Sontay teaches part-time at Glendale. She’s also a junior at the University of Utah where she’s studying elementary education. Sontay came to the U.S. from Guatemala when she was seven years old and like some of the kids she teaches, she’s undocumented.

"Our family, we weren’t supposed to talk about being undocumented, about coming here just recently from another country. It was something that was supposed to stay quiet because out of the fear that if somebody found out we could be separated," she says. 

Eventually Sontay applied for Deferred Action for Childhood Arrivals or DACA. President Obama created the program through an executive order in 2012. It protects people who came to the U.S. before they were 16-years-old from being deported. 

President-Elect Trump and many congressional Republicans are likely to target President Obama’s executive orders for repeal in the coming weeks, including DACA.  Just this week, Attorney General nominee Jeff Sessions mentioned the possibility of dismantling DACA during his confirmation hearing before the Senate Judiciary Committee.

"It’s an executive order, really a memorandum of the Department of Homeland Security. It would certainly be constitutional I believe to end that order. The Department of Justice I think would have no objection to a decision to abandon that order," Sessions said during the hearing. 

Over the years Utah has stood apart from other Republican states in its approach to undocumented immigrants. Utah is one of around a dozen states that offers “driver’s privilege” cards to undocumented people since they can’t get driver’s licenses. And college students like Yessenia Sontay can get in-state tuition for school – although they can’t get federal aid through the FAFSA loan program.

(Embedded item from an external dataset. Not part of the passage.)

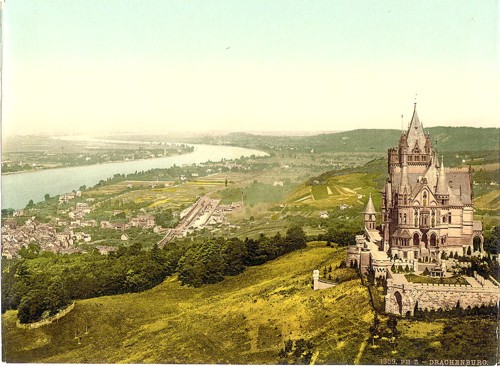 [Drachenburg and Konigswinter, the Rhine, Germany]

And in 2013, Utah Senator Orrin Hatch was the main author of the Dream Act, the companion bill to DACA.

Carolina Nunez teaches immigration and citizenship law at Brigham Young University. She says Mormon ideals help shape Utah’s unique approach.

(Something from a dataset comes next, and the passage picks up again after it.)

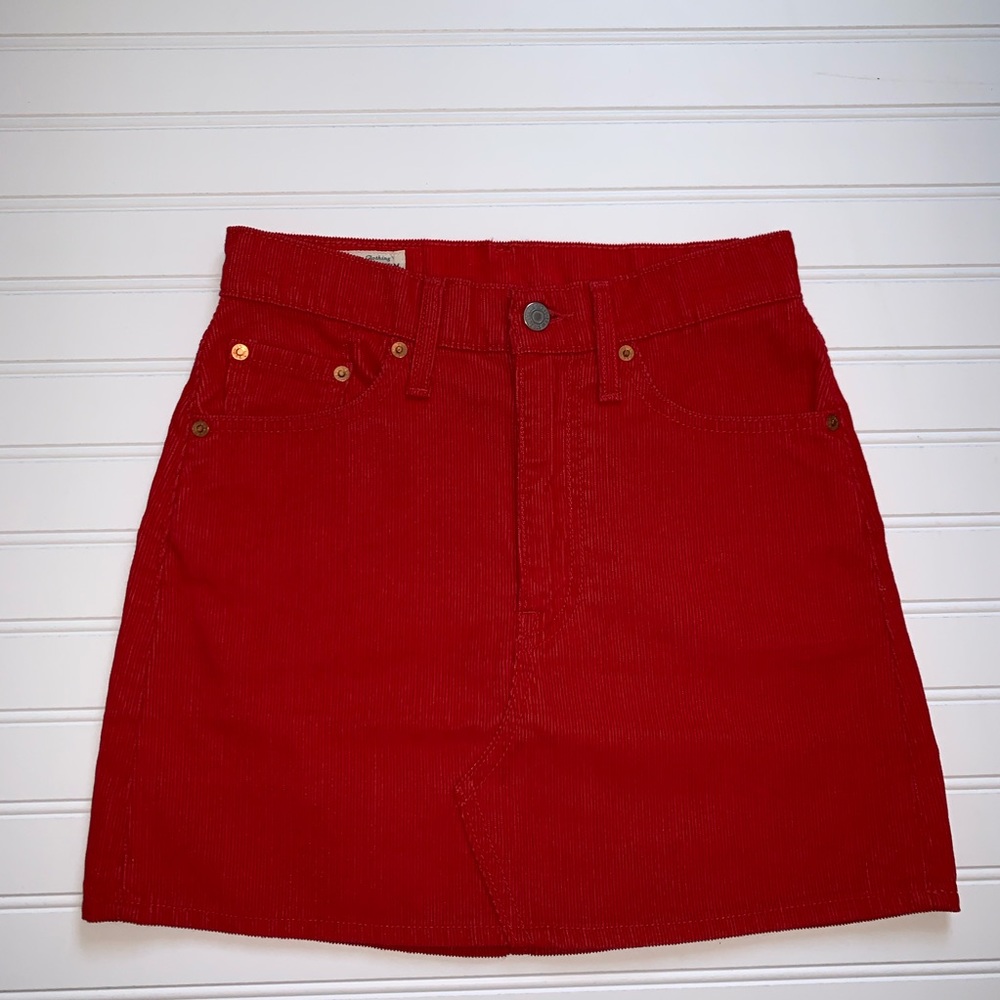 Levi’s Red High Waisted Skirt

"The LDS Church has been on the record, fairly sympathetic towards immigrants and has called for immigration policy that doesn’t separate families. And so that really lends to a compassionate view of immigrants, even immigrants who are here without authorization," Nunez says. 

In 2010, community and religious leaders created the Utah Compact, a document seeking compassionate solutions to illegal immigration.

Lane Beattie is the CEO of the Salt Lake Chamber of Commerce. He helped write the Utah Compact.

"It’s just not the matter that you ought to build a wall, you also have to solve the problem. And the problem isn’t that we have a lot of illegal immigrants in the country. The problem is how do we make sure that those people that are willing to come here work hard, pay their taxes. How do we get them here?" Beattie says. 

Utah Republican State Senator Curt Bramble has dealt with this issue locally too. 

"Look, I think it’s very difficult when you have an individual who’s typically come to find a better life for themselves and their family but they violated the law to do it," Bramble says. 

In 2011 Bramble co-authored a bill that would allow people who are here illegally to get a work permit and pay taxes. He describes it as a “rational approach” to immigration. The bill passed but, because it relied on authorization from the federal government, Utah has never been able to enact it.

"I think you take it a step at a time. I think it’s possible to put forward a proposal that would allow the individuals to come out of the shadows, to be granted the authority to work. These kids, typically they don’t know another country besides the United States," Bramble says. 

When Yessenia Sontay was considering applying for DACA she was scared. It meant admitting to the government that she was undocumented and giving up information that connects her to her parents who aren’t eligible. Still, they told her to apply.

"I thought a lot about it but my mom didn’t. My mom said, ‘no, if you can have a license, if you can have that little bit of hope of doing something and working and stuff, take it. Don’t worry about us. We’re gonna be fine,'" she says. 

For now, even with Utah’s unique approach immigration, Sontay and many others utilizing DACA will have to wait and see.